Even with the vast acres of forest in Malaysia, tigers, who are by nature solitary and prefer to stay away from humans, are driven to venture outside of the forest fringes to meet a basic need

– food to survive.

A primary factor driving tigers out is the lack of large prey in the forest. The tiger’s preferred prey is the sambar deer, one of which can sustain the tiger for a few days. However, sambar deer numbers have declined. Another tiger prey species, the wild boar, is also declining in numbers from African Swine Fever, a new emerging threat. Tigers are forced to seek out alternative food sources, including domestic livestock, often bringing them into conflict with humans.

When any wild animal poses a safety concern, there is little option but for the Department of Wildlife and National Parks to trap the creature, remove it from the area and take it to a facility. However, if this is to frequently occur, eventually there may be even fewer tigers in the wild.

Two key priorities need to be addressed here – One is to safeguard human lives. Second, prey augmentation – give the tigers what they need – food to survive. By combining precautions and concerted efforts to boost prey populations, we can strike a balance that ensures both human safety and the conservation of these magnificent creatures in their natural ecosystems.

Precautionary Measures

Stopping or preventing HTC before it occurs is by far the best way to deal with HTC.

1) Establish and maintain early warning systems to alert communities about the presence of tigers in the vicinity:
● Install motion sensors and camera traps that can detect tiger movements.
● Develop a community communication network to relay alerts promptly.
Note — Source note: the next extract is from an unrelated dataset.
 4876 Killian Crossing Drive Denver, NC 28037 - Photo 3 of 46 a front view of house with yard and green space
2) Encourage villagers to implement robust livestock management practices:
● Build sturdy enclosures for livestock, ensuring they are well-protected at night.
● Avoid keeping livestock near forest fringes where they could attract tigers.
● Check on their livestock from time to time

3) Implement deterrents to discourage tigers from approaching human settlements:
● Visual deterrents: Install bright lights along pathways and near livestock enclosures, and clearing overgrown vegetation in areas like enclosures, villages, or gardens that could serve as hiding places for tigers.
● Acoustic deterrents: Use loud noises, such as air horns, to deter tigers.
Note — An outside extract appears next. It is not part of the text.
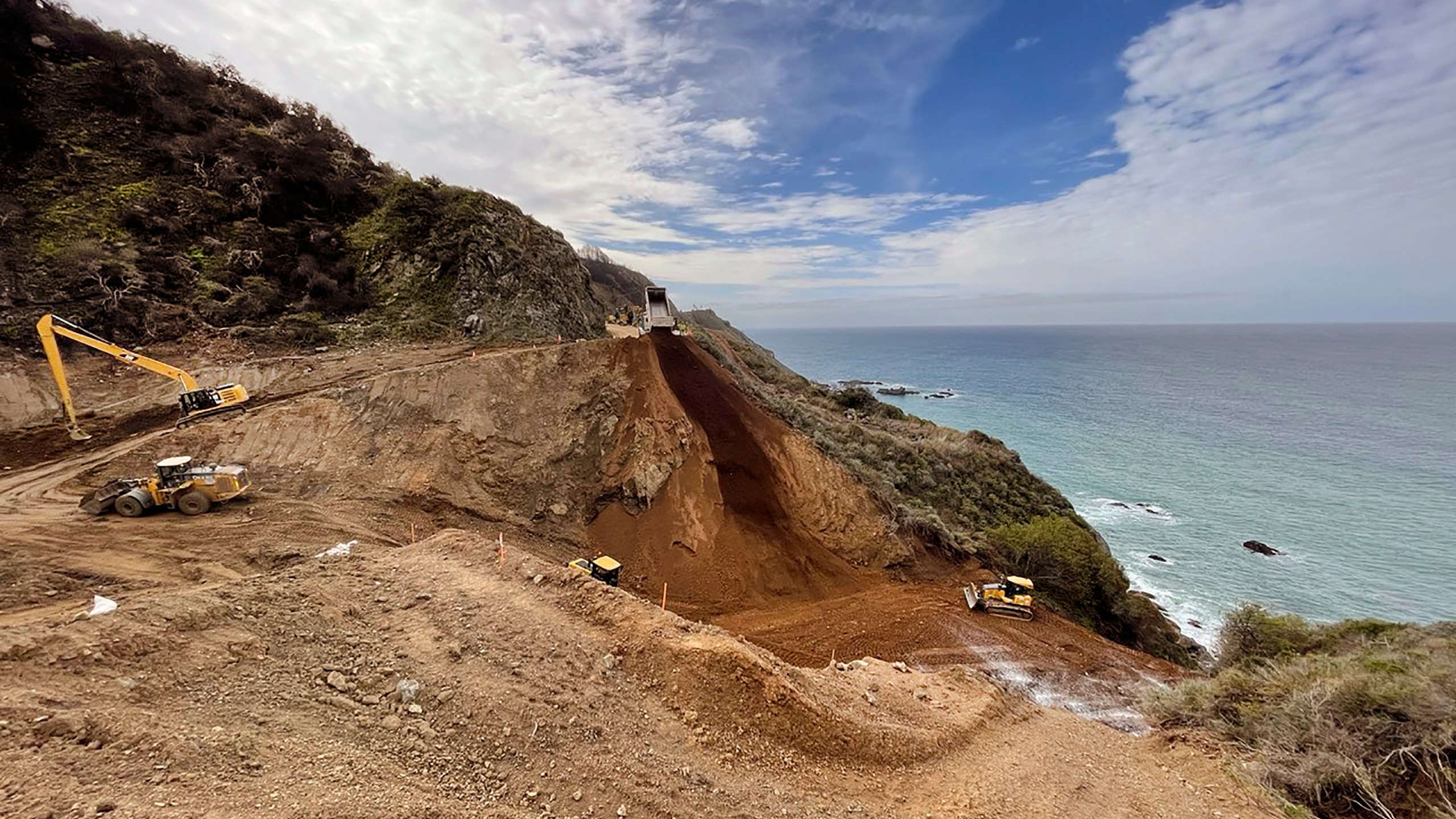 In this April 8, 2021, photo provided by the California Department of Transportation, a Caltrans construction crew repairs a section of Highway 1 along the Pacific Ocean in Big Sur, that was washed away during a winter storm on Jan. 28, 2021. The stretch of road is expected to reopen by April 30, 2021, because work to repair the huge piece of roadway that crumbled during a storm is nearly two months ahead of schedule, the California Department of Transportation announced Thursday, April 8. (Caltrans District 5 via AP)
4) Conduct regular awareness programmes to educate villagers about the behaviour of tigers, their habitats, and the reasons behind their movement towards human settlements.
● Emphasise the importance of coexistence and how responsible actions can contribute to both human safety and tiger conservation.
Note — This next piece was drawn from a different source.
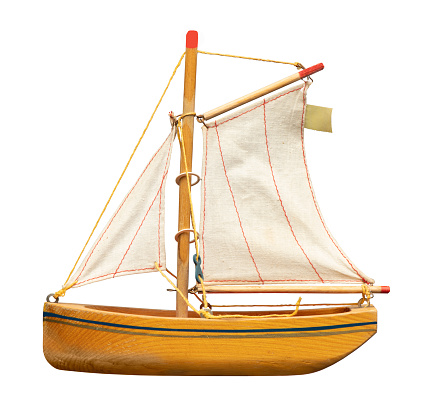a vintage wooden toy sailboat on white with clipping path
5) Establish community patrols to monitor and report any signs of tiger presence:
● Train local volunteers on tiger behaviour and safe patrolling practices.
● Collaborate with local authorities for effective coordination and reporting.

6) Advocate for the implementation of livestock insurance programmes:
● In case of tiger attacks on livestock, insured villagers can be compensated, reducing economic losses. This can foster a more positive attitude towards tiger conservation.

7) Develop a comprehensive emergency response plan in case of a tiger encounter:
● Educate villagers on immediate actions to take, such as seeking shelter in designated safe areas.
● Establish communication channels with local authorities for swift response.

By implementing these step-by-step preventive measures, communities can actively contribute to reducing the instances of human-tiger conflict while promoting coexistence and preserving the endangered Malayan tiger population.

However, while precautionary measures are vital, they alone cannot solve the human-tiger conflict crisis.

The Urgency of Prey Augmentation

The urgency of prey augmentation cannot be overstated. By increasing natural prey populations like deer and wild boar, we create a healthier ecosystem that reduces the necessity for tigers to venture into human settlements for sustenance. This not only enhances human safety but also ensures the ecological integrity of the forest, benefiting various species.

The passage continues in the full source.